• [Collection entries]:
────

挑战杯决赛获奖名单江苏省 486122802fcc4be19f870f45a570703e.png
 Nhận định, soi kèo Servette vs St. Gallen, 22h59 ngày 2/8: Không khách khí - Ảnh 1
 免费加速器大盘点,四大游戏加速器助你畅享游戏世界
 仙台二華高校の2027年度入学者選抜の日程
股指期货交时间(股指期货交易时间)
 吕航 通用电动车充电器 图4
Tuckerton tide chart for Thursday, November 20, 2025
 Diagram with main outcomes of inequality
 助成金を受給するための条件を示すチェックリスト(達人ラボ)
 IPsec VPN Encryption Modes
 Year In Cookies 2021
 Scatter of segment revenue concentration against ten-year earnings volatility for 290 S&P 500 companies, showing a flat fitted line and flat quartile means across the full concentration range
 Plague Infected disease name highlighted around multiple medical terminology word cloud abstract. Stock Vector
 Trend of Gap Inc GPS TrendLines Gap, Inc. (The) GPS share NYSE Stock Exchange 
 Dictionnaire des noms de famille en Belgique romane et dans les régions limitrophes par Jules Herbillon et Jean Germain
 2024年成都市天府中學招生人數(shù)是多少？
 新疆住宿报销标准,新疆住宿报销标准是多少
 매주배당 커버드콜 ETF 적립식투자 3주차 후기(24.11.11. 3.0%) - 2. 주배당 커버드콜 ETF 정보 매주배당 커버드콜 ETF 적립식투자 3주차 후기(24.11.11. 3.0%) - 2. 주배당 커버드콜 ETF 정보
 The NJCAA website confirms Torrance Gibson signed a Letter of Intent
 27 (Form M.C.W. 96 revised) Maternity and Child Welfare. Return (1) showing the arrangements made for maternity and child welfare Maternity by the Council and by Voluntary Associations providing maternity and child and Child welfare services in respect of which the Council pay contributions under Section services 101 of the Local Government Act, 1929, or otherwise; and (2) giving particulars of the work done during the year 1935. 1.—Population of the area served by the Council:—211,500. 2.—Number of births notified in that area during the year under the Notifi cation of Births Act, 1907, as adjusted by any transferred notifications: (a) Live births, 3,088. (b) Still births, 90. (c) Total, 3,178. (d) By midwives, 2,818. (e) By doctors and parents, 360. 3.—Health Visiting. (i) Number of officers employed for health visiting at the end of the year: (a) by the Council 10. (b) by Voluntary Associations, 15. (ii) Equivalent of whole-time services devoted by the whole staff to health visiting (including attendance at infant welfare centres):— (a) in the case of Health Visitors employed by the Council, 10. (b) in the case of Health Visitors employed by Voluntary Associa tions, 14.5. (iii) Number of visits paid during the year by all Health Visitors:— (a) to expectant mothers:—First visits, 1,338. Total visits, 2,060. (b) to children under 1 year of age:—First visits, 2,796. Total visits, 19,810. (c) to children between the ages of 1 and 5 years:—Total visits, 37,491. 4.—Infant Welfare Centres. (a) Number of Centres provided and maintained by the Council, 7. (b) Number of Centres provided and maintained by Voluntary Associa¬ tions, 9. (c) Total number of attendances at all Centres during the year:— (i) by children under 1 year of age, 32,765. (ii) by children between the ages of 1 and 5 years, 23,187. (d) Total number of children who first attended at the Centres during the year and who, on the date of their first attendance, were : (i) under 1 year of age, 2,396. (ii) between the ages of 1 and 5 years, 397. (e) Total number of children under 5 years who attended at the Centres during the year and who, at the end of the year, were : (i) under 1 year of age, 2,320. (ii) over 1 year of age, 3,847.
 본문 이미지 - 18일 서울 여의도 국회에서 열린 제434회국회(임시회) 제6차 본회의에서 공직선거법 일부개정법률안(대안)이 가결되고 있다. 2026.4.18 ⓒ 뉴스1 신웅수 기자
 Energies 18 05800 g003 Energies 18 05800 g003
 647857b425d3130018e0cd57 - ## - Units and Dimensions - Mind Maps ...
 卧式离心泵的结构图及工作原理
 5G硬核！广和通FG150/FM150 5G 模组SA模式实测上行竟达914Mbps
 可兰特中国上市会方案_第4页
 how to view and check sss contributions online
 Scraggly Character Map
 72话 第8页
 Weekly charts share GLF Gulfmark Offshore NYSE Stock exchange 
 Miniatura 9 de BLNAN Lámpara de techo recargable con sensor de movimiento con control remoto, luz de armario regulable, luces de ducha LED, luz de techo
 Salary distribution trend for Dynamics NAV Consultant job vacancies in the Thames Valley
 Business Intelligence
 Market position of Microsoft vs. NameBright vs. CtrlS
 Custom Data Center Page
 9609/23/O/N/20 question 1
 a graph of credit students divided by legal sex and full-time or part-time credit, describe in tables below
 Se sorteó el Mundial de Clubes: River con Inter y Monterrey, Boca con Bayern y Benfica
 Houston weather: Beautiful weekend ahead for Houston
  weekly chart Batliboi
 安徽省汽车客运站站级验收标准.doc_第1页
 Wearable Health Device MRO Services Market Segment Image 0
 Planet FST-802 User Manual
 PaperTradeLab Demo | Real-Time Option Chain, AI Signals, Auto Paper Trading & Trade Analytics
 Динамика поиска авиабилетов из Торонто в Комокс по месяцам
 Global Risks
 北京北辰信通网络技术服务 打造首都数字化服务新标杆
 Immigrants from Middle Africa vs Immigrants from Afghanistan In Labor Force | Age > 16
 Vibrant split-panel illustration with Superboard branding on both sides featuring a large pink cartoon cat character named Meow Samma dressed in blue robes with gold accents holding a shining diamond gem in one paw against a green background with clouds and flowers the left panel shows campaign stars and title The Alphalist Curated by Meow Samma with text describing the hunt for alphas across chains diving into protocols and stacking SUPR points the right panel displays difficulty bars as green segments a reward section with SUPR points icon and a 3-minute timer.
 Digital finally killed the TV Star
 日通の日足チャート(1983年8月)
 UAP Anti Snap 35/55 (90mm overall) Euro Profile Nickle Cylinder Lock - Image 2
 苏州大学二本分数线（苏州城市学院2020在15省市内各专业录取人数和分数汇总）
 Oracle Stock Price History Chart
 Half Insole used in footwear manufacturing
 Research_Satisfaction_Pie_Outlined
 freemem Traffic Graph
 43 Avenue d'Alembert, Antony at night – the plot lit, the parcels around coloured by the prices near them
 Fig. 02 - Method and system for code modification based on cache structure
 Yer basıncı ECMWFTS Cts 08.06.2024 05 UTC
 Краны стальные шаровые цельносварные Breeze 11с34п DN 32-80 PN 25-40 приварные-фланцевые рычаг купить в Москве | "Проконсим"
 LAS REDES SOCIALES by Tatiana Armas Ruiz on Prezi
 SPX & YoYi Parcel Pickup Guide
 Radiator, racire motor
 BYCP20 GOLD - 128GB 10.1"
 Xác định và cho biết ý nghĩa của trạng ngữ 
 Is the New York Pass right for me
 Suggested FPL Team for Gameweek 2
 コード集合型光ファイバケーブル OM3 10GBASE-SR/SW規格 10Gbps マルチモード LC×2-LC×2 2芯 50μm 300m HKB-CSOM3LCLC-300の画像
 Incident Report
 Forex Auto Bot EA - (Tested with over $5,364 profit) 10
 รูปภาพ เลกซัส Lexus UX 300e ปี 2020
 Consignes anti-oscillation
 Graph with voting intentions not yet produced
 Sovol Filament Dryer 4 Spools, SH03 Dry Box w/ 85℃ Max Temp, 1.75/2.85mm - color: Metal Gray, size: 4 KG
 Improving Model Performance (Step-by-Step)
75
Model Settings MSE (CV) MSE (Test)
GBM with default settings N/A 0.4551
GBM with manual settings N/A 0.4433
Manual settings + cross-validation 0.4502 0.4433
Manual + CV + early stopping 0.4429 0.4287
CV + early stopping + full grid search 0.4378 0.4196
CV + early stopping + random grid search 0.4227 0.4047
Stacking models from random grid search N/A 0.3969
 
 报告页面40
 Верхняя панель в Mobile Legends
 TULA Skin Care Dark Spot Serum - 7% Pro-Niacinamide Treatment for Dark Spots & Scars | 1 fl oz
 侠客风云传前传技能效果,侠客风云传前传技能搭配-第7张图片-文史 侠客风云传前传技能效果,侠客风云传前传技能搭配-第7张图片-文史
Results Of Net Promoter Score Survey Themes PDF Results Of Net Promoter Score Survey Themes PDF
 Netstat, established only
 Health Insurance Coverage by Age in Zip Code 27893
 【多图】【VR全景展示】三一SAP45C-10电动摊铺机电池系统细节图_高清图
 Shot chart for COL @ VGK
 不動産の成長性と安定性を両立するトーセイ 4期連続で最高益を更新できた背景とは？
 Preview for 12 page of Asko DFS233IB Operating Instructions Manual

────

• [Exercise description]: Please give an exact copy of the lines above, beginning with the line containing "Miniatura 9 de" and running through the line containing "Planet FST-802 User Manual", and of no other lines.

• [Answer for this exercise]:
 Miniatura 9 de BLNAN Lámpara de techo recargable con sensor de movimiento con control remoto, luz de armario regulable, luces de ducha LED, luz de techo
 Salary distribution trend for Dynamics NAV Consultant job vacancies in the Thames Valley
 Business Intelligence
 Market position of Microsoft vs. NameBright vs. CtrlS
 Custom Data Center Page
 9609/23/O/N/20 question 1
 a graph of credit students divided by legal sex and full-time or part-time credit, describe in tables below
 Se sorteó el Mundial de Clubes: River con Inter y Monterrey, Boca con Bayern y Benfica
 Houston weather: Beautiful weekend ahead for Houston
  weekly chart Batliboi
 安徽省汽车客运站站级验收标准.doc_第1页
 Wearable Health Device MRO Services Market Segment Image 0
 Planet FST-802 User Manual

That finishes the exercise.